Modified UTF-8 is a special encoding where '\0'
is expressly encoded with the overlong sequence C0
80
, which makes nul-terminated strings continue to work. Strict UTF-8 requires encoders to use as few octets as possible, but we could accept this one specific overlong sequence anyway.
We will not, however, accept 5- or 6-octet sequences. The current Unicode UTF-8 standard, which is twenty years old now (2003), emphatically forbids them.
Modified UTF-8 implies CESU-8.
WTF-8 happens, too. WTF-8 implies Modified UTF-8.
PEP 383 can go die in a lonely corner.
You may wish to consider these as valid. While the Unicode people think that those things shouldn’t appear in files you may have access to they do recognize that it is possible and not necessarily wrong. It wouldn’t take much to modify the code to enable checks for each of those. Let us know if that is what you are looking to do.
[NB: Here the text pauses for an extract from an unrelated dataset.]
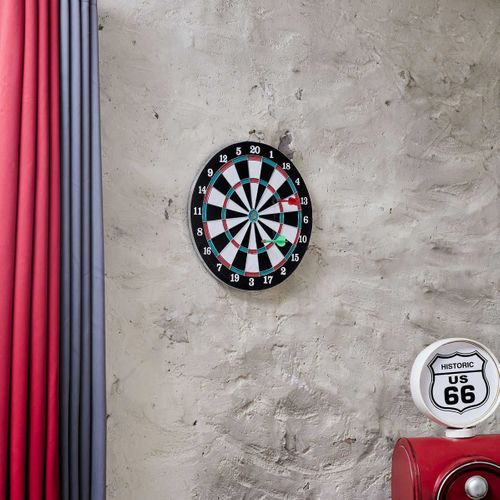 Jeu De Fléchettes Classique Mural - Robin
Simple, quick-n-dirty solutions look cute on the internet, but messing with text has corner cases and considerations that people on discussion forums like to forget — Which is the main reason I do not recommend doing this yourself. Use ICU. It is a highly-optimized, industry-proven library designed by people who eat and breathe this stuff. Everyone else is just hoping they get it right while the software that actually needs it just uses ICU.
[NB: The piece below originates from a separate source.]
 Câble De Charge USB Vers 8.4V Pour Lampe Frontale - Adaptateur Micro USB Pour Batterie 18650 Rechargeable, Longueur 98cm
Even the C++ Standard Library got it wrong, which is why the whole thing was deprecated. (std::codecvt_utf8
may or may not accept any of CESU-8, Modified UTF-8, and WTF-8, and its behavior is not consistent across platforms in that regard. That and its design means you must make more than a couple passes over your data to verify it, in contrast to the single-pass-cum-verify that ICU [and my code] does. Maybe not much of an issue in today’s highly-optimized memory pipelines, but still, I’m an old fart about this.)